Холгер. Вы слишком близко подобрались к нам. А так мы отбросим вас обратно — по крайней мере на жизнь одного поколения. Тем временем многое может произойти.
Бро. Да, теперь мне больше нечего сказать.
(Уходит.)
Холгер (Халдену). Я всегда думаю, когда вижу этого парня, что в нем есть господская кровь. И Пер Стюа такой же. Все, в ком есть смелость, все, кто осмеливается восстать,— это люди, в жилах которых есть кровь господ. Неосторожное скрещиванье, Халден!
Халден. Неосторожное.
Холгер. Мне они даже нравятся. Особенно тот, что бросился на меня. Смелый парень. Хотелось бы мне знать, кто его настоящий отец? Или дед? Кровь господ; Я ручаюсь! Мне кажется, я могу определять это даже по профилю. Ясно? Все остальные просто рабы. Прирожденные рабы. Без примеси. Вы, кажется, хотели мне что-то сказать, Халден?
Халден. Фрекен Санг уже давно ожидает вас.
Холгер. О, почему же вы мне этого сразу не сказали?
(Спешит к двери, открывает ее, но никого не видит и выходит из комнаты. За сценой слышен его голос.)

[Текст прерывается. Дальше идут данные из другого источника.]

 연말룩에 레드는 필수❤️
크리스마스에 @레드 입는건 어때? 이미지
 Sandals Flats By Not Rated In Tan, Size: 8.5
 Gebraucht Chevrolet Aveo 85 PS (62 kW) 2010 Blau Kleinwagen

Уверяю вас, что это не моя вина! Если бы я только знал, что вы...
Ракел (голос ее вначале тоже слышен за сценой). Халден пытался доложить о моем приходе. Но я не хотела помешать рабочим говорить с вами.
(Оба входят.)
Холгер. Да, они угощали меня горьким пивом, которое наварила их газета!

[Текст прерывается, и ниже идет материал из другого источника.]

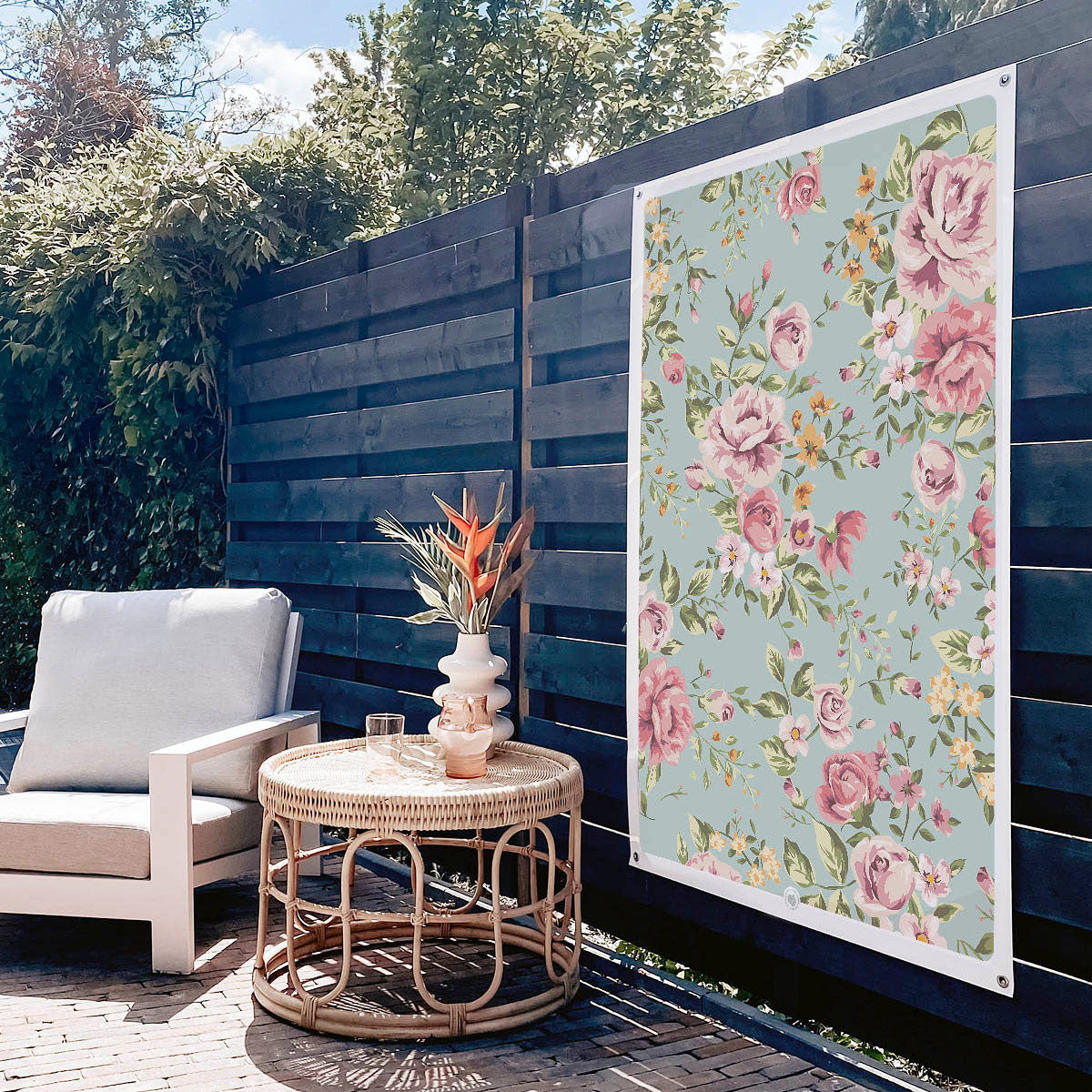 HIP ORGNL Charming Floral Garden Side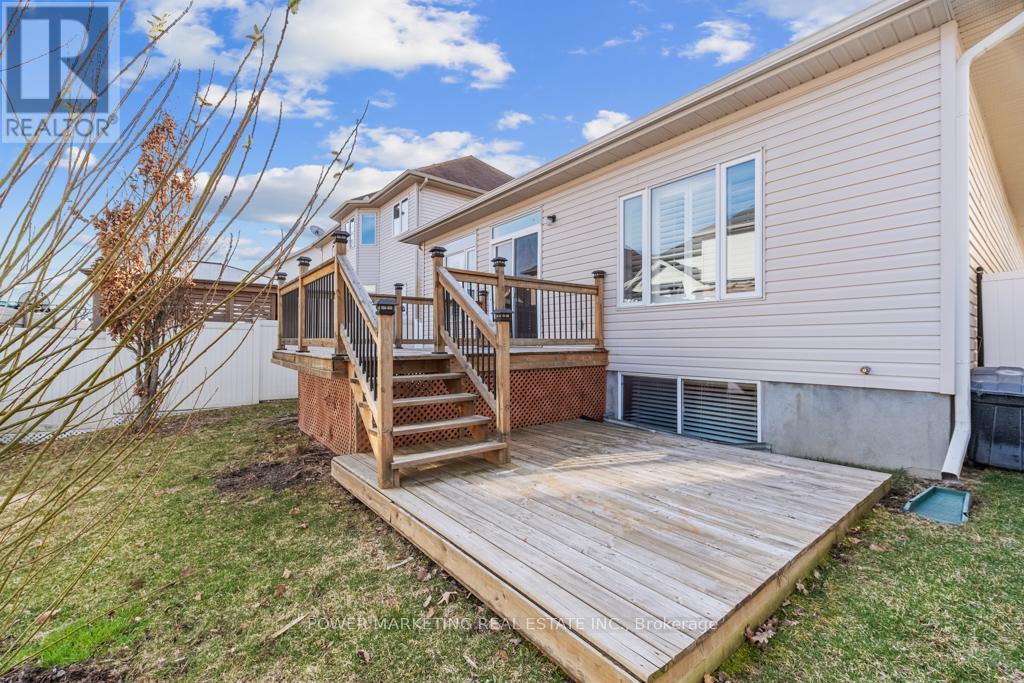 192 Felicity Crescent, Ottawa, ON - Outdoor With Deck Patio Veranda With Exterior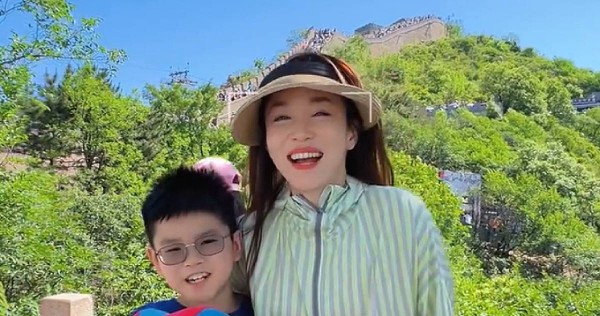 'We only managed 5m': Fann Wong and son Zed attempt walking on Great Wall of China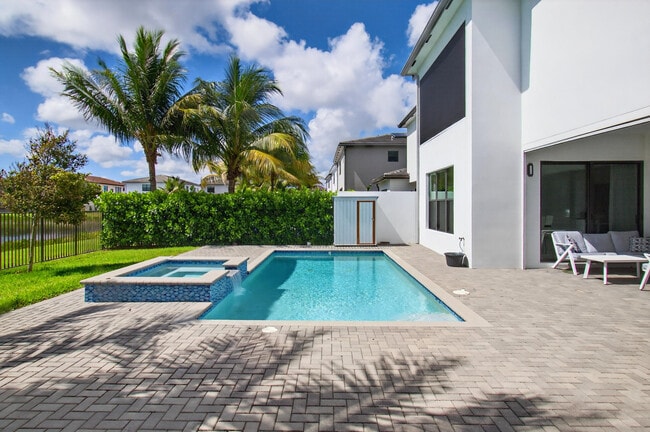 Building Photo - 17222 Blue Bayou Dr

(Ракел слегка вздрагивает, Холгер не замечает этого и ведет ее к стулу; сам садится возле нее.)
Я имел удовольствие выслушать, что они создали мое благосостояние, что я просто-напросто крупный вор. Ясно? Веселенькая история! Я даю работу многим тысячам. Прибавьте к этому тех, кто кормится возле них,— и получится целый город. И вот в один прекрасный день, прежде чем я успел завершить, что хотел, все эти люди набрасываются на меня и заявляют, что все принадлежит им! Ясно? И поскольку я не сразу пошел на все возможные уступки — они возмущаются, поднимают бунт. Наконец я кое в чем уступаю им, и все улаживается, но тут появляется неведомо откуда какой-то полоумный пастор и начинает им проповедовать божеские законы. А божеские законы эти сводятся к тому, что все следует перевернуть вверх дном. Словом, нам нельзя больше жить, где нам нравится и как нам нравится, ибо мы этим самым отнимаем у них солнце! Видите ли, для них нужно построить дома в солнечной части города — обязательно в той самой солнечной части города, которая является его украшением и утехой. А почему бы и не поселить их в наших домах? Если это «божеские законы», так почему бы не переселить их уж прямо на небеса? а?